Even those donning Boston Red Sox uniforms have great admiration for New York Yankees shortstop Derek Jeter.
Jeter announced Wednesday that he plans to retire after the 2014 season. The news kicked off a lovefest in which everyone and their grandmother praised the Yankees captain, and Red Sox players in Fort Myers, Fla., were no different Thursday.
“He’s as down to earth as it gets,” Red Sox pitcher Clay Buchholz told ESPN.com’s Gordon Edes. “For someone to be captain of that team and that franchise for as long as he was there, and being able to keep everything on an even keel and do everything as a professional, it’s something that’s pretty special.
“He was always really personable to me. That’s something I’ll never forget.’’
Buchholz also acknowledged Thursday that he grew up “idolizing” Jeter, and Red Sox outfielder Daniel Nava recalled a time in 2010 when the Yankees shortstop congratulated him for reaching the majors. First baseman Mike Napoli said he believes Jeter is the perfect player for every rookie to emulate upon reaching The Show.
“Just the way he went about his business,” Napoli told Edes. “He played for a big-market team, won five championships, came to the park every day and everything he did seemed to be the right way. The way he handled himself, the way he worked, a leader — sad to see him go.”
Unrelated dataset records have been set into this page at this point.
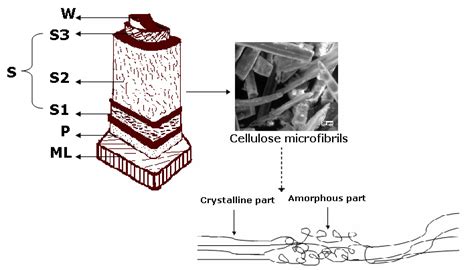 Composition of wood cell wall and cellulose microfibrils consisting of... | Download Scientific ...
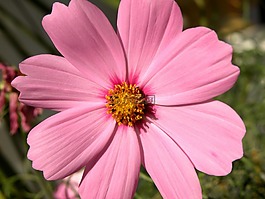 宇宙花,花,粉紅色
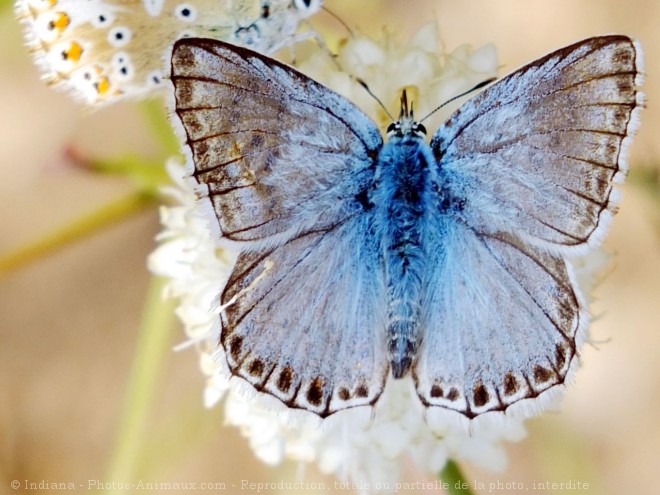 Photo de Papillon - cuivr commun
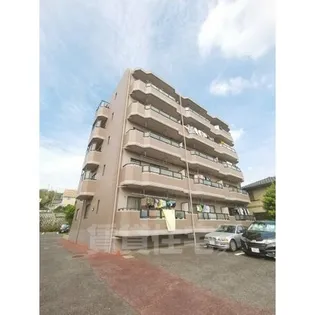 ザ ボックス新西の画像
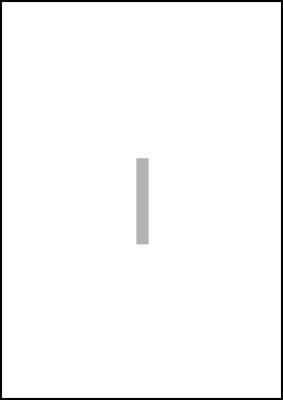 Label A4 (210 x 297 mm)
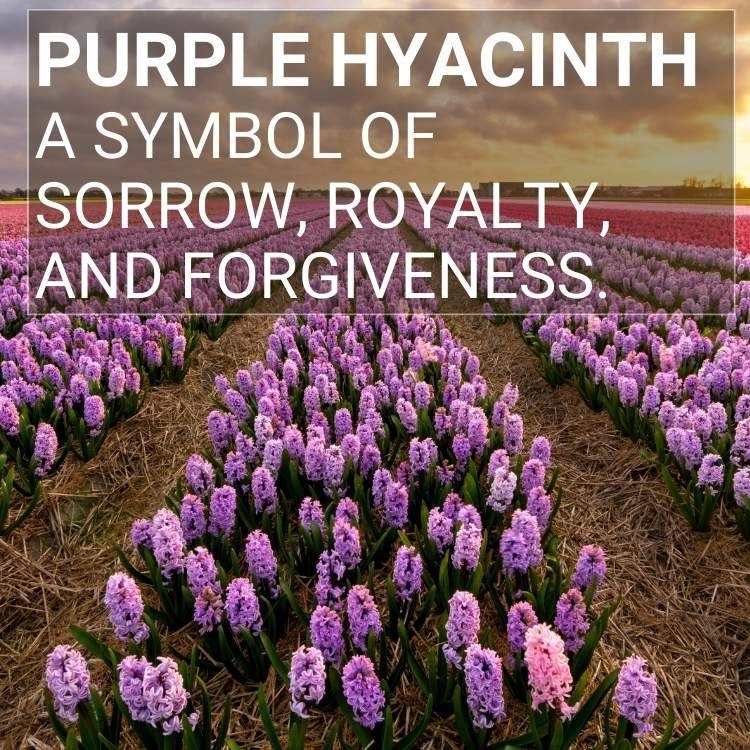 Purple hyacinth symbol forgiveness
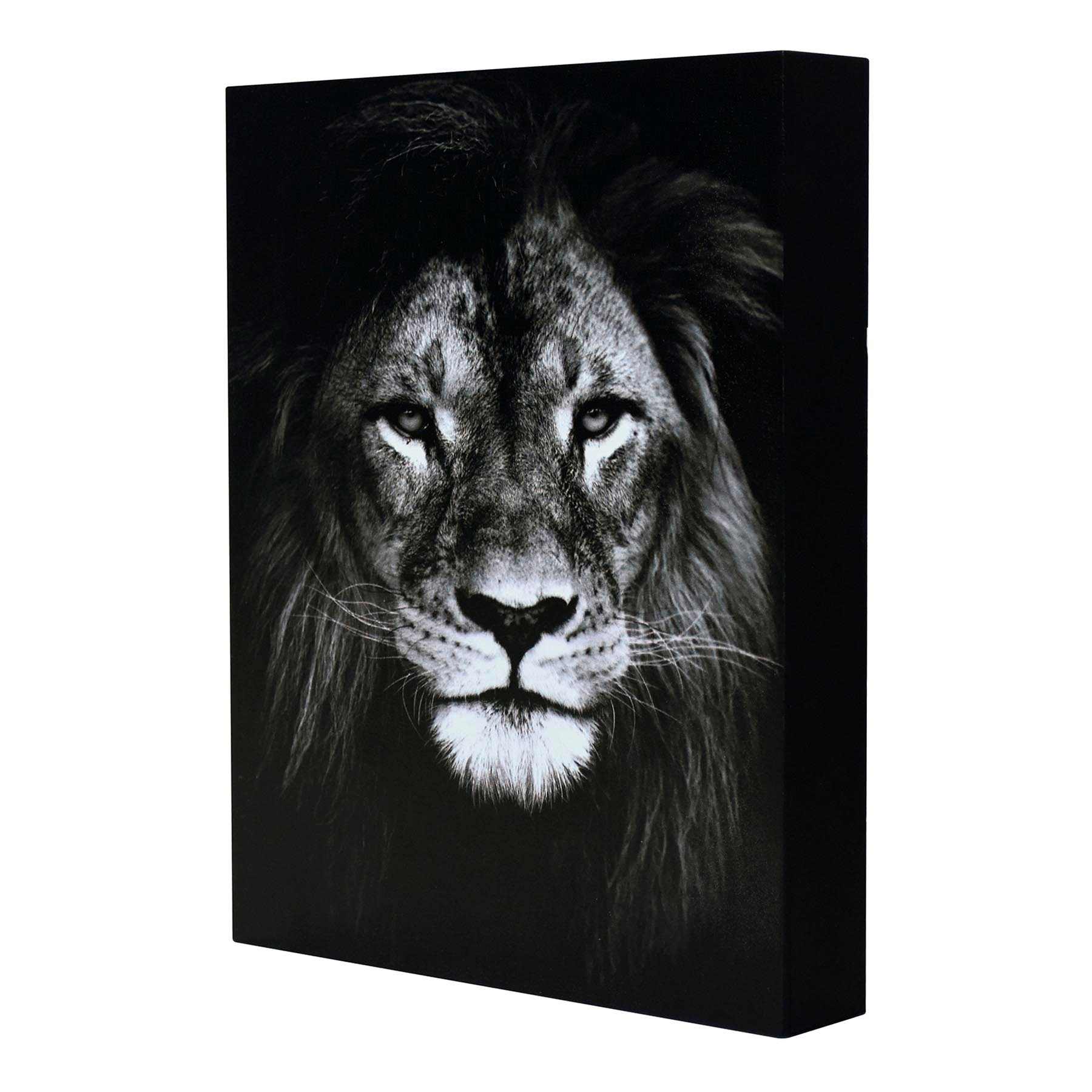 Lion Block, 8x10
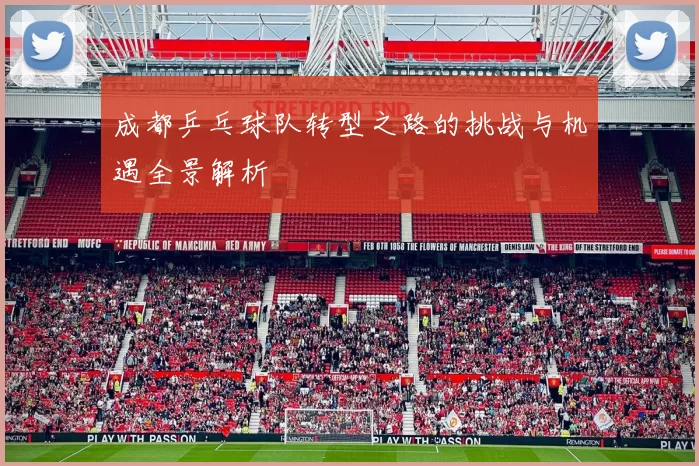 成都乒乓球队转型之路的挑战与机遇全景解析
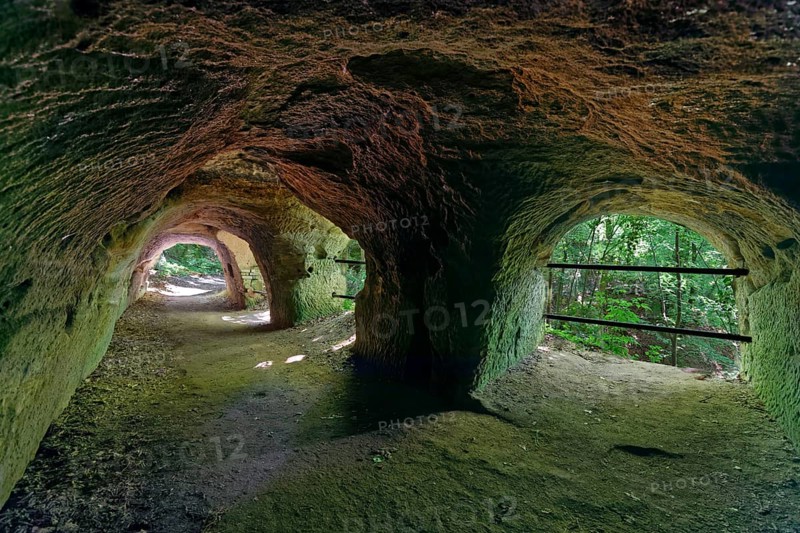 Lion pit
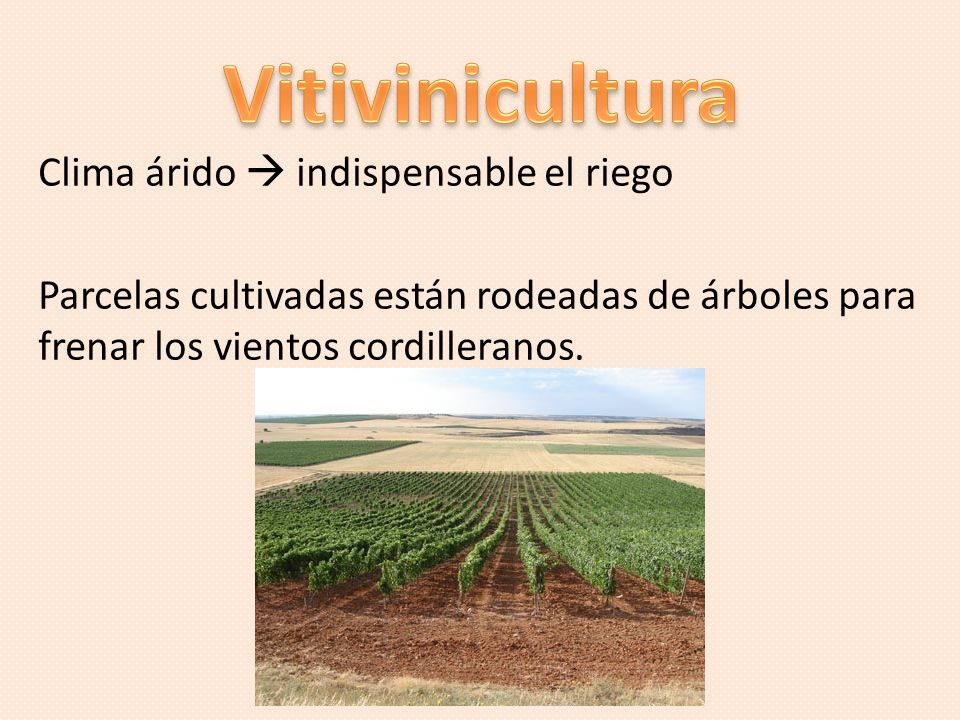 Vitivinicultura Clima árido  indispensable el riego Parcelas cultivadas están rodeadas de árboles para frenar los vientos cordilleranos.
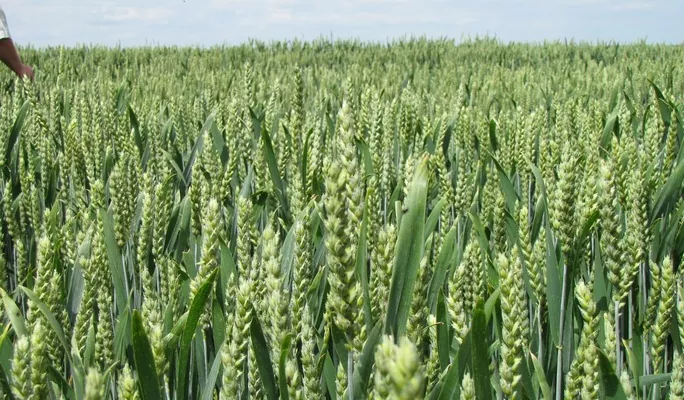 Отечественные сорта пшеницы обеспечили Бучачагрохлебпрому рекордную урожайность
The Red Sox’s praise is unsurprising given the legacy that Jeter has carved out over his last 19 years in pinstripes. As Buchholz put it Thursday, there doesn’t appear to be anyone in baseball with a bad thing to say about Jeter.
“I figure it’s going to be pretty special,” Buchholz said of Jeter’s upcoming farewell tour. “I don’t think there was anyone in the game who disliked him. He’ll get the best of everything in every park, which is what he deserves, for the numbers he put up.
“He said he knows what he’s doing, this is the right decision for him. I wish the best of luck to him.”
Jeter will walk away from the game with at least five World Series rings and 13 All-Star selections. But perhaps more importantly, he’ll leave having garnered the respect of those he played with and those who played against him.